Re: The problem with this approach
Testing is a whole other class of problem with "keep trying until it works" AI code. For a really simplified example, imagine you say to the AI, "write a program that multiplies a number by 10" You then write a test that passes in the number 15 and verifies that the answer returned is 150, and the test passes.
The problem is that the AI generated the code "return 150;"
Hmm. If one were being obtuse, or the AI had restricted scope, you could get many 'correct' answers:
"write a program that multiplies a number by 10"
could give you a syntax error, because 'a number' is a string and '10' is a number. Variable type mismatch.
another possibility is you get
"a numbera numbera numbera numbera numbera numbera numbera numbera numbera number"
which is 10 repetitions of the string "a number"
or indeed, I could interpret 10 as binary to get
"anumbera number"
or regard "a number" as base64 encoded and multiply the integer represented by 'a number' by the integer represented by the base64 encoding of '10' since you are using 'multiply' and as you can't multiply strings, you must interpret the characters as numbers, whereby base64 is one relatively sensible approach.
Yet again, multiplying by binary 10 is bitshifting by one position, so you might bitshift the string by one position (you can do things like that in C).
Now, of course, the natural language approach of taking "a number' as a numeric variable and multiplying by base10 10 is the 'obvious' approach to a human, which is what the AI is trying to emulate, but in the context of the problem, a human might just check they are on the right lines by checking that the approach is correct by asking a question of the problem setter. I'm looking forward to when AIs do this and ask questions to clarify their understanding, and can show their working.
Being human means you carry around a lot of context in your head, which most AIs lack: often interpreted as AIs lacking 'common sense'. I remember a project long ago that aimed to build a common sense database for use by AIs: you typed in natural language statements/facts to add to it's 'knowledge' of the world. I don't know what happened to it.
In limited and well defined contexts, AIs can be great, but they can end up doing really stupid things. Humans are reasonably good at identifying out-of-context really stupid stuff.

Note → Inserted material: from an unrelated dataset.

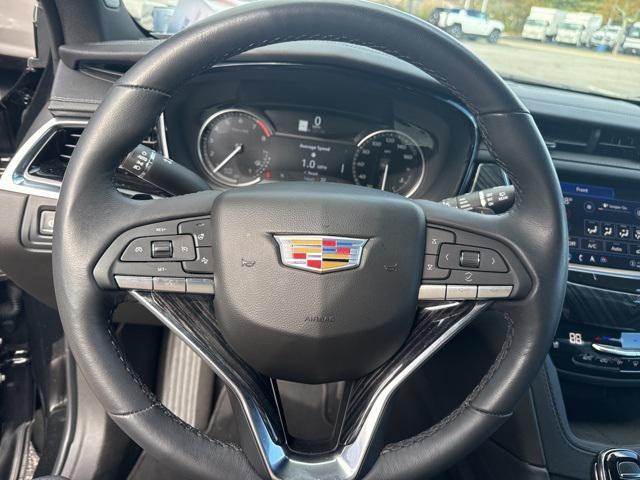 used 2024 Cadillac XT6 car, priced at $49,900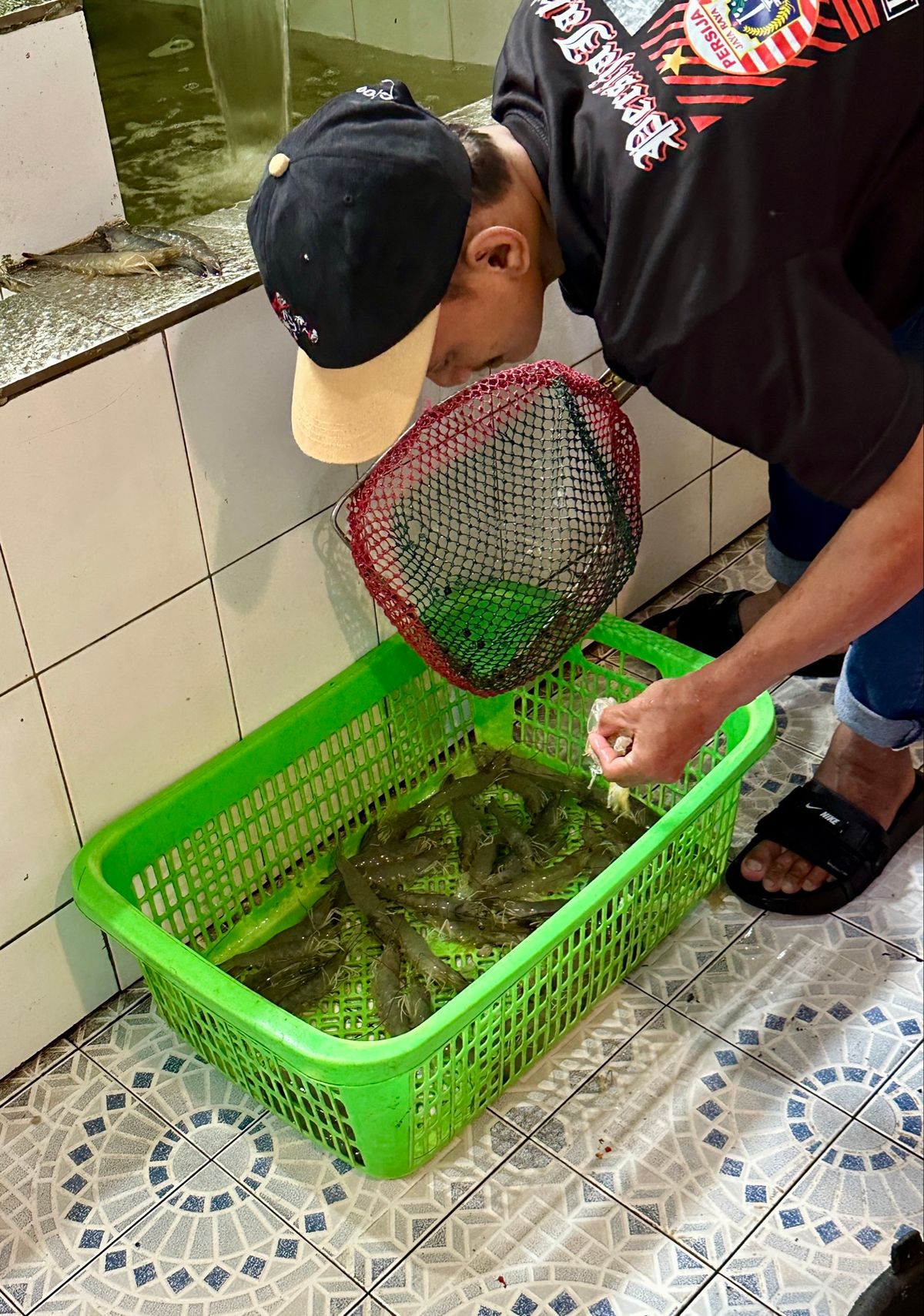 帰路途中でジャカルタ郊外に住む友人夫妻と再会、ランチの海鮮料理は非常にレベ...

Using AIs to drive cars or fly aeroplanes is an interesting case: you need to show they are safer than humans, which probably means making fewer mistakes than humans (the unachievable goal is zero mistakes/catastrophes), but they are capable of making really, really stupid mistakes: like driving into the side of trailers that are the same colour as the sky, or activating MCAS repeatedly. Humans do similar things - like following GPS navigator instructions directing them off quaysides, or holding an airliner in stall while it drops many thousands of feet. The issue is not that AIs make mistakes, as humans do too, but that AIs make mistakes that are non-human in character - we don't give AIs the free pass we give to people who have a bad day, or are distracted, stressed, or panicked.
When it comes to programming, half the task is defining the problem (analysts do have a job to do), and AIs don't currently sit down next to people and discuss the requirements: we are at the stage of spoon-feeding them baby-food in the form of well defined problem statements. If I can talk to an AI and discuss whether it would be better to use a linear search, a hash-table, or a Bloom filter for a particular application, then I think we would be getting somewhere. Converting well-defined problem statements into code is not what programmers do.